Ich glaube, diese Liebe entspringt meinen Händen. Ich habe seit jeher gern Dinge angefasst und versucht zu ergründen, wie sie funktionieren. Ich lebe in New York in einer Straße mit sehr vielen Leitungen und Drähten, das ist bei uns immer noch so üblich. Immer frage ich mich, wie dieses und jenes wohl funktioniert und was genau am Ende dieser Leitungen geschieht. So ist es auch beim Musikmachen. Ich wollte schon immer wissen, was genau passiert, wenn ich auf diesen oder jenen Knopf drücke oder wie es sich auswirkt, wenn ich dieses eine Kabel umstecke.

Auch Amelia Earhart war eine Tüftlerin und Technikpionierin.

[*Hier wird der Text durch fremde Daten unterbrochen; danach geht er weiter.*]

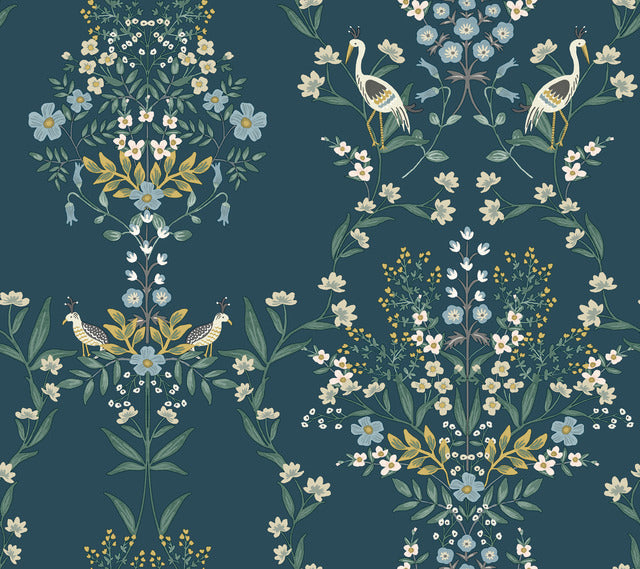 Blue/Green Luxembourg Wallpaper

Absolut, das war sie. Das Ding, in dem sie flog, war heiß und laut, und es ließ sich nur sehr schwer gerade in der Luft halten. So eine Maschine zu fliegen erforderte eine richtige Kraftanstrengung. Wenn du heutzutage im Flugzeug sitzt, merkst du gar nicht mehr, dass du überhaupt fliegst. Du wirst in deinen Sitz gezurrt, fühlst dich mehr oder weniger anästhesiert und bekommst irgendwann ein Tablett mit furchtbarem Essen hingestellt. Das Abenteuer ist verschwunden, an seine Stelle ist der Horror getreten.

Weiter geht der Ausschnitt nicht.